▸ **Exercise brief**: Pictures are not part of the copy. Set down exactly the lines from the one containing "Амстердам, канал, Нидерланды" through the last line of the material below.

========

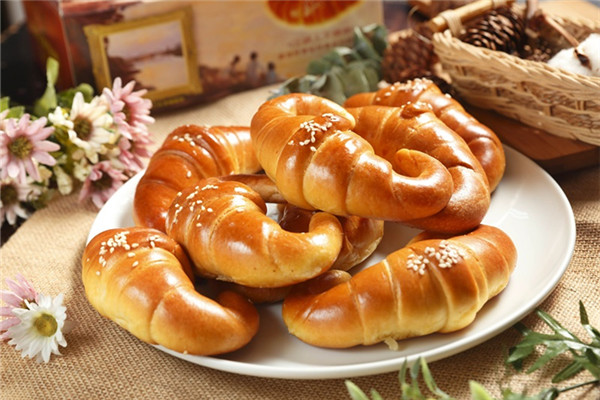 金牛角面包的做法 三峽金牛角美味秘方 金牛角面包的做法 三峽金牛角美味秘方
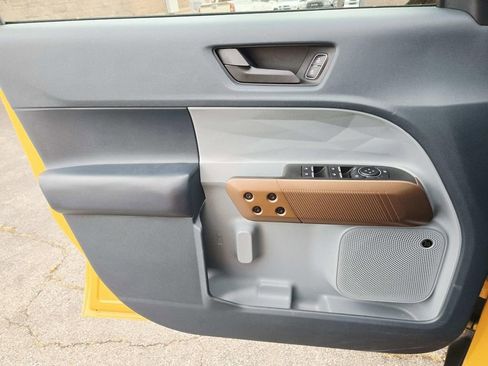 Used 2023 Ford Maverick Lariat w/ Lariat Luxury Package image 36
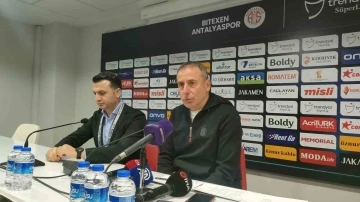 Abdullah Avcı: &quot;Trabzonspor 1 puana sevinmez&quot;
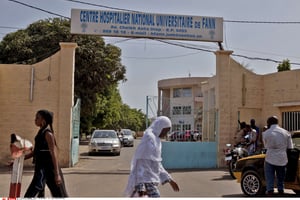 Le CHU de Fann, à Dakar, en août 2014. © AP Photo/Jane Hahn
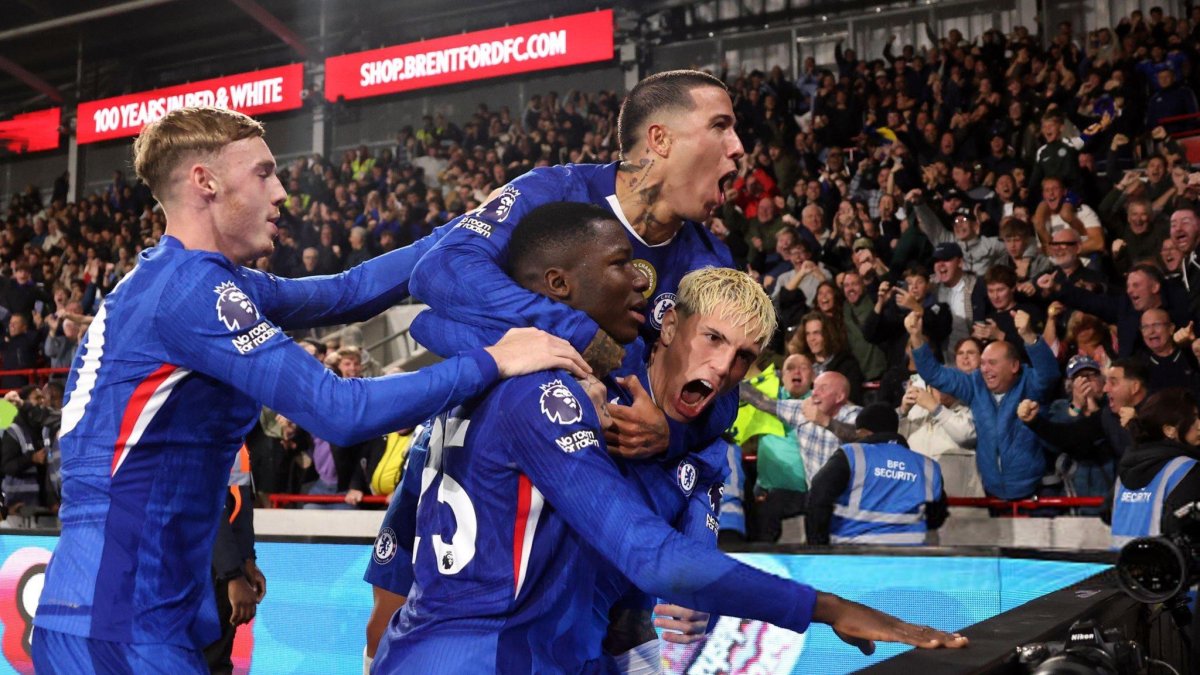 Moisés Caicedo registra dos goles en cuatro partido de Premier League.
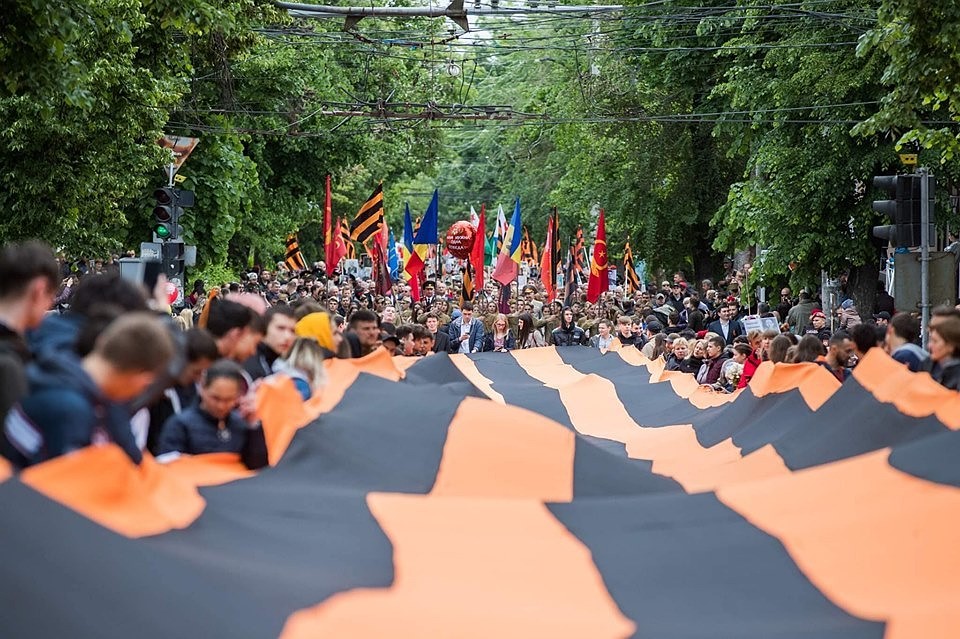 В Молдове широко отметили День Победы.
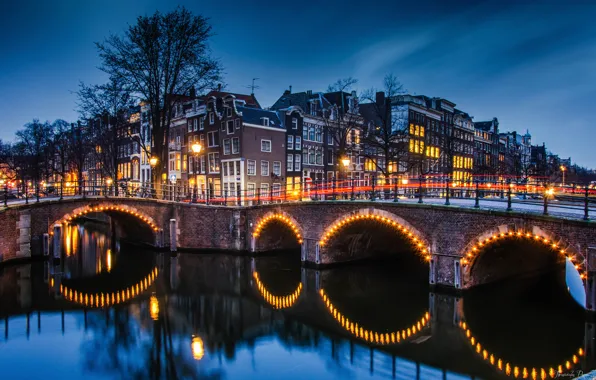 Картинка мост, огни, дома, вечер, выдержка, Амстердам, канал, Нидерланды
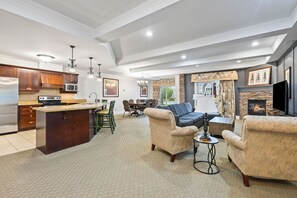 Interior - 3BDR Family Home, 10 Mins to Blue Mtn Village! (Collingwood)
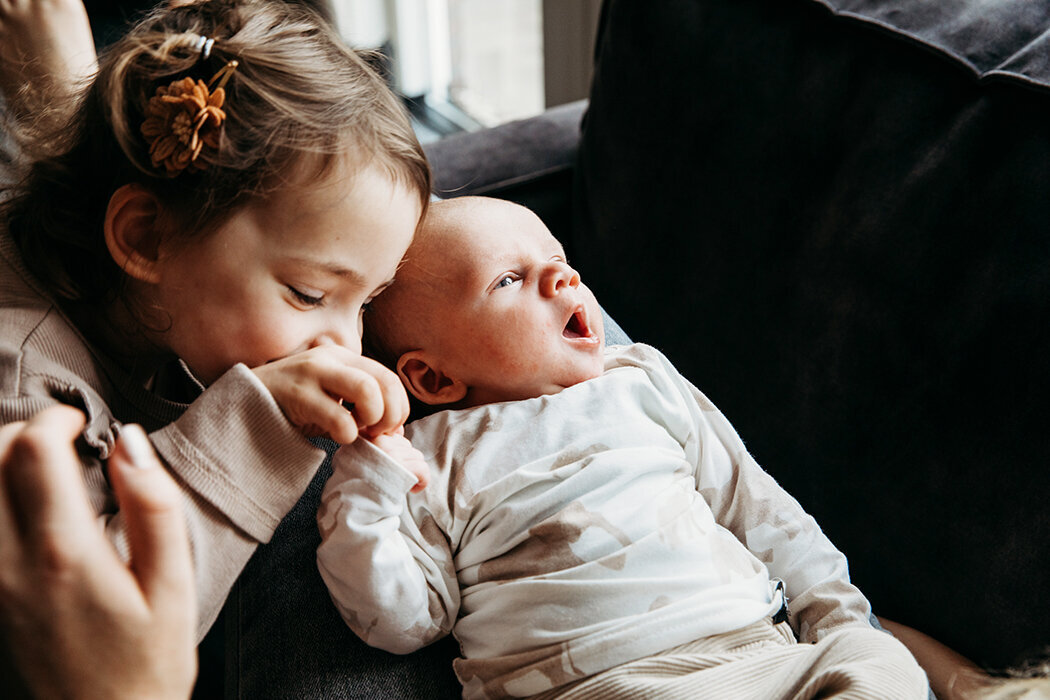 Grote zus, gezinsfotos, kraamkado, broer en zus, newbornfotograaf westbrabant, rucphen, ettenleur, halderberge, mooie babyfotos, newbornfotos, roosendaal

========

▸ **Result below**:
 Картинка мост, огни, дома, вечер, выдержка, Амстердам, канал, Нидерланды
 Interior - 3BDR Family Home, 10 Mins to Blue Mtn Village! (Collingwood)
 Grote zus, gezinsfotos, kraamkado, broer en zus, newbornfotograaf westbrabant, rucphen, ettenleur, halderberge, mooie babyfotos, newbornfotos, roosendaal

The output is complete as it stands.